L’Iraq? Il nuovo pozzo di san Patrizio degli idrocarburi globali. Iran superato nella produzione di oro nero. Risorse accertate di petrolio e gas in crescita. L’antica Mesopotamia è la meta ambita delle maggiori compagnie energetiche globali.
 
Sempre più importante per l’equilibrio del mercato mondiale delle materie prime, l’Iraq è stato oggetto di una ricerca dell´Agenzia internazionale dell’energia (Aie). Analizzando le prospettive globali del settore, l’organizzazione che rappresenta gli interessi dei consumatori ha definito “un sogno” le potenzialità energetiche di Bagdad.
 

“Riserve enormi, geologia semplice e bassi costi di produzione”, questi i motivi che fanno del Paese mediorientale l’eldorado energetico del prossimo futuro secondo l´Aie. Per il capo economista dell’Aie, Fatih Birol, nei prossimi dieci anni il 45% della crescita anticipata della produzione petrolifera mondiale verrà proprio da Bagdad. Secondo Birol, le qualità possedute dal greggio iracheno non appartengono né alle sabbie bituminose del Canada e nemmeno agli olii combustibili pesanti del Venezuela. Vantaggi a favore di Bagdad anche per quanto riguarda i costi estrattivi.
 
I confronti con il Venezuela
 
Portare alla luce un barile di oro nero in Iraq costa 1,5 dollari. Esattamente la metà del prezzo da pagare in Venezuela. A breve anche il gas farà parte di questo eden energetico. Finora sottoutilizzato, circa la metà dell’oro azzurro prodotto viene infatti bruciata dal flaring, il gas naturale sarà alla base del futuro sviluppo economico del Paese.
 
I programmi di crescita prevedono infatti che entro il 2035 l’Iraq consumerà settanta gigawatt di elettricità. In questo caso, senza un mix energetico in grado di rafforzare la quota di gas destinata al mercato interno, le perdite dovute alle mancate esportazioni di petrolio sarebbero pari a 520 miliardi di dollari.
 
I numeri dell’Aie
 
L’Aie stima infatti che entro il 2035 il greggio venduto sui mercati internazionali porterà nelle casse dello Stato 5mila miliardi di dollari. La cuccagna ha però un suo prezzo. Gli obiettivi esposti saranno raggiunti se almeno il 10%, 530 miliardi, della ricchezza in risorse naturali del Paese tornerà nel settore degli idrocarburi sotto forma di investimenti. Queste le luci del panorama energetico iracheno. A Roma mercoledì 31 ottobre il ministro degli esteri italiano Giovanni Terzi, e l’ad del Cane a sei zampe, Paolo Scaroni, hanno esposto il report sull’Iraq contenuto nel World energy Outlook 2012.
 
Potenzialità e complessità
 
Il dibattito avvenuto alla presenza del responsabile della ricerca Aie ha analizzato potenzialità e complessità della sfida irachena della compagnia fondata da Enrico Mattei. Iraq ricco di idrocarburi ma anche con tanti ostacoli allo sfruttamento. Ecco i timori Eni.

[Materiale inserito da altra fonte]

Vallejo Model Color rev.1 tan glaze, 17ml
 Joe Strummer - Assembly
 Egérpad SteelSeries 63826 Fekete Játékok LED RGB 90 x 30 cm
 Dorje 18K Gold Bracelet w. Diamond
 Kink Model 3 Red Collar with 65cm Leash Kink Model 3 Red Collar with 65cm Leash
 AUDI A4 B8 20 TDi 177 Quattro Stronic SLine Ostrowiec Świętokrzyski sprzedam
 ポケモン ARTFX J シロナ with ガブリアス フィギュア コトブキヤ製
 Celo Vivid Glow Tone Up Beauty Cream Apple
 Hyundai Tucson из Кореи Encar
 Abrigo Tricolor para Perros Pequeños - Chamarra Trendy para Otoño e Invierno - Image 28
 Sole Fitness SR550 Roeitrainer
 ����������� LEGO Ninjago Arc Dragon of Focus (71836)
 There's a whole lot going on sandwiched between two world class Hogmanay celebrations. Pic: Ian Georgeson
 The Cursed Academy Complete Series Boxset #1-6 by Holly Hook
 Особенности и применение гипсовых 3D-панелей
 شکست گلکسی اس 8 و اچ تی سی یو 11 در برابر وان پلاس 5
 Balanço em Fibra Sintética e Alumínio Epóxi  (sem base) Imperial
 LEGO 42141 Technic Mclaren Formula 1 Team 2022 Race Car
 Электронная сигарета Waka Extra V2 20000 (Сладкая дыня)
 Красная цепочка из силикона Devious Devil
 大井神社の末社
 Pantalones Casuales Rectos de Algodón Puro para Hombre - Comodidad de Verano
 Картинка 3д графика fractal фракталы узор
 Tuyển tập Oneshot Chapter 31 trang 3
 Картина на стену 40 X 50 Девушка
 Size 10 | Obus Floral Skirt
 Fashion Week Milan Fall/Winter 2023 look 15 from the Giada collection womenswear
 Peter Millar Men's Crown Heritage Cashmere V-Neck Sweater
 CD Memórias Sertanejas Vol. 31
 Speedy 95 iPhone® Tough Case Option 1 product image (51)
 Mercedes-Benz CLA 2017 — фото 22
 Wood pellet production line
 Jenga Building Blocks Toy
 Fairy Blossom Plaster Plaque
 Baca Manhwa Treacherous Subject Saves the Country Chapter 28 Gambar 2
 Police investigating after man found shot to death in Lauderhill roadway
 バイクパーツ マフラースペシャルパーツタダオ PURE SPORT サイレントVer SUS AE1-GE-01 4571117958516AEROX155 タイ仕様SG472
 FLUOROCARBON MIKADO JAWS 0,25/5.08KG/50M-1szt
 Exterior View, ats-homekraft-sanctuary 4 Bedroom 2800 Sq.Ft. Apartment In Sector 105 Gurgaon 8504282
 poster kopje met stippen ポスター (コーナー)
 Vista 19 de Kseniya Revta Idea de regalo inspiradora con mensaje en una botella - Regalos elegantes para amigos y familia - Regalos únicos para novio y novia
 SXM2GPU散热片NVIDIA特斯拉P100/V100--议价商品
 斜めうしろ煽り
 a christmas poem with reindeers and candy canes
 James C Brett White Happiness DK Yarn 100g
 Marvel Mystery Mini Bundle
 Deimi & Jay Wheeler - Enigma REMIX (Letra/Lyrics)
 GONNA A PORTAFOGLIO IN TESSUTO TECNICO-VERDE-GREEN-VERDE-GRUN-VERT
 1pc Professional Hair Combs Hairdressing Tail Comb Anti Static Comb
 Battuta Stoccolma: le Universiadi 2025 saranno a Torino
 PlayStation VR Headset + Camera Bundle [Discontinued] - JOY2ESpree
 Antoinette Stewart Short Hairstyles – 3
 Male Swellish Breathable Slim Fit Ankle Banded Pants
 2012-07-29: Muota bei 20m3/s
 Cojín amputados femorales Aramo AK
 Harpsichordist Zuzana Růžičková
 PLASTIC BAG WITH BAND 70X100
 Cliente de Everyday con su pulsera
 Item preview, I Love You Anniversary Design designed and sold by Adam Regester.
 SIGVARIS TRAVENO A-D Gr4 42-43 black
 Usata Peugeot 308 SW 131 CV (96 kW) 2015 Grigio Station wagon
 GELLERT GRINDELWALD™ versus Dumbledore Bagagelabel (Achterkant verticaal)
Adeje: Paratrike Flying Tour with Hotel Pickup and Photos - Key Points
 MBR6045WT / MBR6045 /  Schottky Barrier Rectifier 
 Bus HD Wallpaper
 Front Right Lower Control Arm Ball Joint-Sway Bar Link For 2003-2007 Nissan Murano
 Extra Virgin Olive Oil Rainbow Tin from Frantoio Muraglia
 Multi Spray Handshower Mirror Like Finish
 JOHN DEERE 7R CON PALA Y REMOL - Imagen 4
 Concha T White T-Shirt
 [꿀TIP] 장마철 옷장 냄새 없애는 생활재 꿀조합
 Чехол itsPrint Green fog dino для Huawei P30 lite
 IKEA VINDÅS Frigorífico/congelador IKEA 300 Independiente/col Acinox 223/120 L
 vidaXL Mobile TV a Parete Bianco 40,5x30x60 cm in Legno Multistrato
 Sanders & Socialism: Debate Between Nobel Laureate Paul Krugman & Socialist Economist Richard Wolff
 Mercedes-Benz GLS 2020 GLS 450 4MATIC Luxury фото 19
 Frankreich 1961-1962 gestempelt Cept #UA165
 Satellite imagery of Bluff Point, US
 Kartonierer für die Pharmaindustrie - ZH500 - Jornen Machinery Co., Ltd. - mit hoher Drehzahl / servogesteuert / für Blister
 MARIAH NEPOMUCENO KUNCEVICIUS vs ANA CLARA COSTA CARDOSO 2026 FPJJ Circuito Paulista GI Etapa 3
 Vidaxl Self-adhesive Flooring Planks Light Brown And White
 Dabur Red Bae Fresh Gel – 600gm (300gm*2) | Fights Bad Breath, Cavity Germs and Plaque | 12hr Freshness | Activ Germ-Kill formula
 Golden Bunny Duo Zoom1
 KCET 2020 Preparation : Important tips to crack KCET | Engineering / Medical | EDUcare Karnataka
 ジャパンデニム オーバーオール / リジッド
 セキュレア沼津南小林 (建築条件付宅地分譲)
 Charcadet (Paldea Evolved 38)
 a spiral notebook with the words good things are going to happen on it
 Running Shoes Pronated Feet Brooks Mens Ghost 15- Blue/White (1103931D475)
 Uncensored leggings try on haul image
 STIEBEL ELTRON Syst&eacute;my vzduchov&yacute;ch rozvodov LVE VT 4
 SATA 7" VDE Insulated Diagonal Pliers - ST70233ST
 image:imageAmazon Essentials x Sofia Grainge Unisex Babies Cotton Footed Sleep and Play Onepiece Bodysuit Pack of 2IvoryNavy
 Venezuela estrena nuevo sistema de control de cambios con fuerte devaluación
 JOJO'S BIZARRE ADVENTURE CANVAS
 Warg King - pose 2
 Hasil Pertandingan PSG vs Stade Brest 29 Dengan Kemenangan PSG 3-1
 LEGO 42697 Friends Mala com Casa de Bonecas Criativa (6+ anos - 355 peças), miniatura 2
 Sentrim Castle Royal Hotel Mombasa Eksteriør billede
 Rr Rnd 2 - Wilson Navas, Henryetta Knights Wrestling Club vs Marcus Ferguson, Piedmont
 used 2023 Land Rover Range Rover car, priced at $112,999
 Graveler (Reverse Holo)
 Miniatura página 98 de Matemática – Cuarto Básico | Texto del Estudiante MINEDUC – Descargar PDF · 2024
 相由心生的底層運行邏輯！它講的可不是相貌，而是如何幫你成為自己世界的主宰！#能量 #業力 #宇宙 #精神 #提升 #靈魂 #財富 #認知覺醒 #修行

Burocrazia, 17 i livelli autorizzativi, infrastrutture limitate, incertezza politica. Queste le barriere a una programmazione finanziaria che per essere efficace deve obbligatoriamente guardare oltre il presente.
 
Gli impegni del Cane a sei zampe
 
La compagnia italiana ha ribadito gli impegni presi. Investimenti confermati dunque a Zubair, dove l’Eni con il 32,8% gestisce un pool di aziende e capitali pari a 18 miliardi di dollari, di cui 4 o 5 già erogati. Punti interrogativi invece sui progetti futuri. Come Kurna west o Nassiria cui si guarda con entusiasmo in calo.
 
L’Iraq secondo Scaroni
 
Eni non intende però seguire i passi di Exxon e Chevron. Nel 2011 le due aziende energetiche hanno firmato contratti petroliferi privilegiando i rappresentanti della provincia curda dell’Iraq, preferiti alle autorità centrali. ´´Guardiamo ovunque – ha detto Scaroni – e lo facciamo anche col Kurdistan, ma non abbiamo intenzione di muoverci rispetto alle posizioni prese fino a oggi´´. Tuttavia, ha aggiunto l’amministratore delegato del gruppo Eni, ´´il fatto che i grandi vanno in Kurdistan è un campanello d´allarme che il governo di Baghdad non dovrebbe sottovalutare e sono sicuro che non lo farà´´.